# [Task goal]
Restate word for word the lines in the listing below, starting at the line containing "Gorilla Wear - Legacy" and ending at the line containing "Eca Luna Altın", both included; leave out the rest.

Segment Open

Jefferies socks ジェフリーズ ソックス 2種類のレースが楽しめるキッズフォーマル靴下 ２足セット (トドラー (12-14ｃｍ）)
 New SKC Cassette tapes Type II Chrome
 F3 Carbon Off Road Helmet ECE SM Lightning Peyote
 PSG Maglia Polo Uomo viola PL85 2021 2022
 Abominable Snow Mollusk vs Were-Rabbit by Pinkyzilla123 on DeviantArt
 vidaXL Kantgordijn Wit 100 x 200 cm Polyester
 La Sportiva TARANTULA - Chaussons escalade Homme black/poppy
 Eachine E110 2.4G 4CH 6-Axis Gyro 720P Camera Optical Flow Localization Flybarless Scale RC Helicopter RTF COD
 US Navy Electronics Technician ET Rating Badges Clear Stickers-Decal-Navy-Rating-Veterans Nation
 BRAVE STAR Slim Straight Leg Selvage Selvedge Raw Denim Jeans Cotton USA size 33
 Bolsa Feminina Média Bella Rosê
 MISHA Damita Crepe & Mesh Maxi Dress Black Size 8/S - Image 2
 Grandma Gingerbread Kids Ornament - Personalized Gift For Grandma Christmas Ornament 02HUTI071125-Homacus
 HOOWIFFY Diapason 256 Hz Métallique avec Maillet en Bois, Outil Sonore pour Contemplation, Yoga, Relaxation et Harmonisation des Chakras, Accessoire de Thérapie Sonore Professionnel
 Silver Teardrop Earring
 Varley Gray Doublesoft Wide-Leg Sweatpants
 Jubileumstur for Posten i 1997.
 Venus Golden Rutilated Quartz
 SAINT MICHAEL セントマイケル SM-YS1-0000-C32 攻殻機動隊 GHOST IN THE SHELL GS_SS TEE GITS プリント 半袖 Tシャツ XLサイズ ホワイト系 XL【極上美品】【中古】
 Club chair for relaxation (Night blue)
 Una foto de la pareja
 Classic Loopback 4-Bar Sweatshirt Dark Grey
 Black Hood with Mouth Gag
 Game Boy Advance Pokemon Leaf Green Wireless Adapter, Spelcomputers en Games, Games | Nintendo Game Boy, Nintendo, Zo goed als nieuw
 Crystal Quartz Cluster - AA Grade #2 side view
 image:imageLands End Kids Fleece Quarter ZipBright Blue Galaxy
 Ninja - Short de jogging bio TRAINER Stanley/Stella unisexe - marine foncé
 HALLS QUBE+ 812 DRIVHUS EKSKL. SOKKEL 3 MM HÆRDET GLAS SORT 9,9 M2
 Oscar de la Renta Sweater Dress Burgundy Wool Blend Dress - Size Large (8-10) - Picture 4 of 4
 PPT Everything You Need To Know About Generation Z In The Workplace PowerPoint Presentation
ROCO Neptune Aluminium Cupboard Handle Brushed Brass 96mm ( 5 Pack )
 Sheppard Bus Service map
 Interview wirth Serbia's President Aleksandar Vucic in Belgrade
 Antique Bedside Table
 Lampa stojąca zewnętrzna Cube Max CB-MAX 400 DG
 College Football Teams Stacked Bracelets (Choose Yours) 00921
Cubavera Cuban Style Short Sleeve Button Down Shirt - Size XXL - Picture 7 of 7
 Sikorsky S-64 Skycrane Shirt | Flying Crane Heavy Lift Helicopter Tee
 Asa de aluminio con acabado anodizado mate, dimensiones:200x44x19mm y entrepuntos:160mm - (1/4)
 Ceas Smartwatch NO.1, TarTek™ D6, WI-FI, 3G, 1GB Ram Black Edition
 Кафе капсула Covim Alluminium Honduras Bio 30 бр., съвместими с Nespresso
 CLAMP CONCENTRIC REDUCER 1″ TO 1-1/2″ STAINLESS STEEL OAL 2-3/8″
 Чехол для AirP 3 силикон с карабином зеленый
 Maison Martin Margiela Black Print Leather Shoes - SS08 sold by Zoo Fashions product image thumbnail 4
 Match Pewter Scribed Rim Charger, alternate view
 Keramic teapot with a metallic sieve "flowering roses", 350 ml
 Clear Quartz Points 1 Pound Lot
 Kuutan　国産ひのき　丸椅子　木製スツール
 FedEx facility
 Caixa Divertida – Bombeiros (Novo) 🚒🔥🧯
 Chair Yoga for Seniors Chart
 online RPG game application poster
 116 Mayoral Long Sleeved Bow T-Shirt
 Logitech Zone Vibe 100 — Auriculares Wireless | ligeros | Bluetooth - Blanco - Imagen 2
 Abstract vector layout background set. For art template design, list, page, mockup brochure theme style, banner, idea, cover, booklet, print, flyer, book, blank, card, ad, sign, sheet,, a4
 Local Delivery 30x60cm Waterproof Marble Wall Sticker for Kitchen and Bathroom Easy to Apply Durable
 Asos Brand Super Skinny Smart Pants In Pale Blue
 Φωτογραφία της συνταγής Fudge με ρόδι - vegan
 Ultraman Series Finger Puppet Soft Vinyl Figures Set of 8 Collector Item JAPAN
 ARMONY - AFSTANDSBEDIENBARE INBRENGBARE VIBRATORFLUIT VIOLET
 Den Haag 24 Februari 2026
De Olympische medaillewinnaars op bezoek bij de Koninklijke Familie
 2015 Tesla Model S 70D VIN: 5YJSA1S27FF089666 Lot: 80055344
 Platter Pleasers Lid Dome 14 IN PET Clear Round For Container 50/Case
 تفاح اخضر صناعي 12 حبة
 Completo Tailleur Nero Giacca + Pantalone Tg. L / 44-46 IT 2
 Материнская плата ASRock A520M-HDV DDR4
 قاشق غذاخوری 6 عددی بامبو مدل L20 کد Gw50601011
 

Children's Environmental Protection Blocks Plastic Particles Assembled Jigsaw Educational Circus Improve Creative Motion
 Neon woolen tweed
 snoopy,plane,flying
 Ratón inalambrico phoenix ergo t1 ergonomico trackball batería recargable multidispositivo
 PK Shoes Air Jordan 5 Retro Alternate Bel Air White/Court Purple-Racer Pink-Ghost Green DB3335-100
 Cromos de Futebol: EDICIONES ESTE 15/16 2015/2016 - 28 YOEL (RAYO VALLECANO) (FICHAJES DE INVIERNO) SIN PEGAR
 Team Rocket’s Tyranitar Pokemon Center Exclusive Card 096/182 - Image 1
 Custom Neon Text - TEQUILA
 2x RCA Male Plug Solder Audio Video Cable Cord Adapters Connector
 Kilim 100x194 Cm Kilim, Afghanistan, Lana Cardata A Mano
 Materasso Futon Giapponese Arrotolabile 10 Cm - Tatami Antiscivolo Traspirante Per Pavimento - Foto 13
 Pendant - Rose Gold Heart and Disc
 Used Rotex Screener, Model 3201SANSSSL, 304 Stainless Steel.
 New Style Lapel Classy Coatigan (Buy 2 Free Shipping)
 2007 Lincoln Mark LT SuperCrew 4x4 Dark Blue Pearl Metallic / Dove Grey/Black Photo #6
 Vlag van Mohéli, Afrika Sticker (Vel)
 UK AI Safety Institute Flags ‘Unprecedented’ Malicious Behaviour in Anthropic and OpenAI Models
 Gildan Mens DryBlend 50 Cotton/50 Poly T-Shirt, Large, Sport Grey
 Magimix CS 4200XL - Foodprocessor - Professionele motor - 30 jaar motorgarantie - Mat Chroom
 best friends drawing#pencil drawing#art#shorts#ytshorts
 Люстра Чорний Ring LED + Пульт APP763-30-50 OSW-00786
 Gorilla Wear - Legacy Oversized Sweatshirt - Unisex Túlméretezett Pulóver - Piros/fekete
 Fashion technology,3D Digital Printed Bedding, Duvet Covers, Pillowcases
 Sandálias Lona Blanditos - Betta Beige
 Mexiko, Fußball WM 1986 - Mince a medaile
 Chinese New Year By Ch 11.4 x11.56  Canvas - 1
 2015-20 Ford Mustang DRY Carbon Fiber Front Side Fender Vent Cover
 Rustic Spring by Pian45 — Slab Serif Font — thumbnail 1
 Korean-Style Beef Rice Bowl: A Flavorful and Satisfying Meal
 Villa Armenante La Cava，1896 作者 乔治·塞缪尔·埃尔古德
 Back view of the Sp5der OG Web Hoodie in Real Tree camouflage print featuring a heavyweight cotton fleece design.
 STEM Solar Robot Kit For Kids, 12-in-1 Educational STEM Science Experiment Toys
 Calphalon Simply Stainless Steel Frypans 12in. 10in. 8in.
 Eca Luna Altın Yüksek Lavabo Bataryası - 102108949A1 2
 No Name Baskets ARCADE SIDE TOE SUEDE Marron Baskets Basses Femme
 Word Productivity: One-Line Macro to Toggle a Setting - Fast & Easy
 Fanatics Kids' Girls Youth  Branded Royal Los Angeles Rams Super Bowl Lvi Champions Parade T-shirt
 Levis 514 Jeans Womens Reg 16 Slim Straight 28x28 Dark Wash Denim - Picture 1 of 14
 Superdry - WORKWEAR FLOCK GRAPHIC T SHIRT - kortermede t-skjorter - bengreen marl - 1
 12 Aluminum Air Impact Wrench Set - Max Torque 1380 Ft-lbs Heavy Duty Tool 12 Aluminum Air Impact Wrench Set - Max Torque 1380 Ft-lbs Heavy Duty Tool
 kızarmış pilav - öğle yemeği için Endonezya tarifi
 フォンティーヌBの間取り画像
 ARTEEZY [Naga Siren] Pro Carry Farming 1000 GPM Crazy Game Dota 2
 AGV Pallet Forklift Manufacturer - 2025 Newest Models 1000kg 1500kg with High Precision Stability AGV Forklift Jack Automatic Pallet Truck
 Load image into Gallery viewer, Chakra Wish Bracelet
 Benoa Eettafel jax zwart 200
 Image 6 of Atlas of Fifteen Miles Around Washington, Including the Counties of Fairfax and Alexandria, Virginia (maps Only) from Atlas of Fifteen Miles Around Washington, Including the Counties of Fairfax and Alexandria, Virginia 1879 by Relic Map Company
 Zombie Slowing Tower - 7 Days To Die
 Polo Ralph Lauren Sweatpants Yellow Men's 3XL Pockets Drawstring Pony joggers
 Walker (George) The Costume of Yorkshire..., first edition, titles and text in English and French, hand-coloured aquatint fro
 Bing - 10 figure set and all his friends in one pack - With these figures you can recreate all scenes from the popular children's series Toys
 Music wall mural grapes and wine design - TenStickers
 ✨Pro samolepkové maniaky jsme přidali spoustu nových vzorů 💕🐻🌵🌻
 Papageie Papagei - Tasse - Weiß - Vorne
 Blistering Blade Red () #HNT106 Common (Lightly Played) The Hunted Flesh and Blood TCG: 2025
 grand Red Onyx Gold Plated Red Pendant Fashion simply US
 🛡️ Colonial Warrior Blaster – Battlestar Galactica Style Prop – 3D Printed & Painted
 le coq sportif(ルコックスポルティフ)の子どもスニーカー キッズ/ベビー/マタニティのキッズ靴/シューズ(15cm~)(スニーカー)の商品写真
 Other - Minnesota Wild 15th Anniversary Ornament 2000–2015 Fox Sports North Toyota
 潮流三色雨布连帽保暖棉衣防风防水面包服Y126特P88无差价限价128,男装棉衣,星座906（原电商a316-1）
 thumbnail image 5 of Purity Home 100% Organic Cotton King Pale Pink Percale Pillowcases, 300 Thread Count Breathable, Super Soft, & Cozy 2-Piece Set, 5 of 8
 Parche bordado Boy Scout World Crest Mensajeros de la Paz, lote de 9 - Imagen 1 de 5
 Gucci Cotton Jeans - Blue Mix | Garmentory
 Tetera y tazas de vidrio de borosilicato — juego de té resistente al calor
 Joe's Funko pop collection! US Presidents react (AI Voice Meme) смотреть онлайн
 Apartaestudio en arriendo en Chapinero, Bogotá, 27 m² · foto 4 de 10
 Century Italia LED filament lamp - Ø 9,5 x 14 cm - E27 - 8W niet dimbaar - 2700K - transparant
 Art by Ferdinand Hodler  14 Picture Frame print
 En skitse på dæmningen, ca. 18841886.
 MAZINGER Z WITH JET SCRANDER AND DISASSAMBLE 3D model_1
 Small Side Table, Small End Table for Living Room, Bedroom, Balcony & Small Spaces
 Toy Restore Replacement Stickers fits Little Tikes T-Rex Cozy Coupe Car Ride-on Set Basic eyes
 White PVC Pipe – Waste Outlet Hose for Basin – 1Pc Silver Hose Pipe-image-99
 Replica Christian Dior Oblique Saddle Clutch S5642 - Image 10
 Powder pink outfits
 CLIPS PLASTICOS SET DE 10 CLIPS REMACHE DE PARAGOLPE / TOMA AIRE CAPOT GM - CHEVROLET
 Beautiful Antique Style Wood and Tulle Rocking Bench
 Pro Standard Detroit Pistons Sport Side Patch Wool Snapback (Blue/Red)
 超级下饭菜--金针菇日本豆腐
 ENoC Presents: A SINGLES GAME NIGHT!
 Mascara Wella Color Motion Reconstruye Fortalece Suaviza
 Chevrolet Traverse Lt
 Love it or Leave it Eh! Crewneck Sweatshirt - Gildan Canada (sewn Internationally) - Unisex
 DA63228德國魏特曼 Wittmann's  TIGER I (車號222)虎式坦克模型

Segment Closed

# [Exercise output]
 Gorilla Wear - Legacy Oversized Sweatshirt - Unisex Túlméretezett Pulóver - Piros/fekete
 Fashion technology,3D Digital Printed Bedding, Duvet Covers, Pillowcases
 Sandálias Lona Blanditos - Betta Beige
 Mexiko, Fußball WM 1986 - Mince a medaile
 Chinese New Year By Ch 11.4 x11.56  Canvas - 1
 2015-20 Ford Mustang DRY Carbon Fiber Front Side Fender Vent Cover
 Rustic Spring by Pian45 — Slab Serif Font — thumbnail 1
 Korean-Style Beef Rice Bowl: A Flavorful and Satisfying Meal
 Villa Armenante La Cava，1896 作者 乔治·塞缪尔·埃尔古德
 Back view of the Sp5der OG Web Hoodie in Real Tree camouflage print featuring a heavyweight cotton fleece design.
 STEM Solar Robot Kit For Kids, 12-in-1 Educational STEM Science Experiment Toys
 Calphalon Simply Stainless Steel Frypans 12in. 10in. 8in.
 Eca Luna Altın Yüksek Lavabo Bataryası - 102108949A1 2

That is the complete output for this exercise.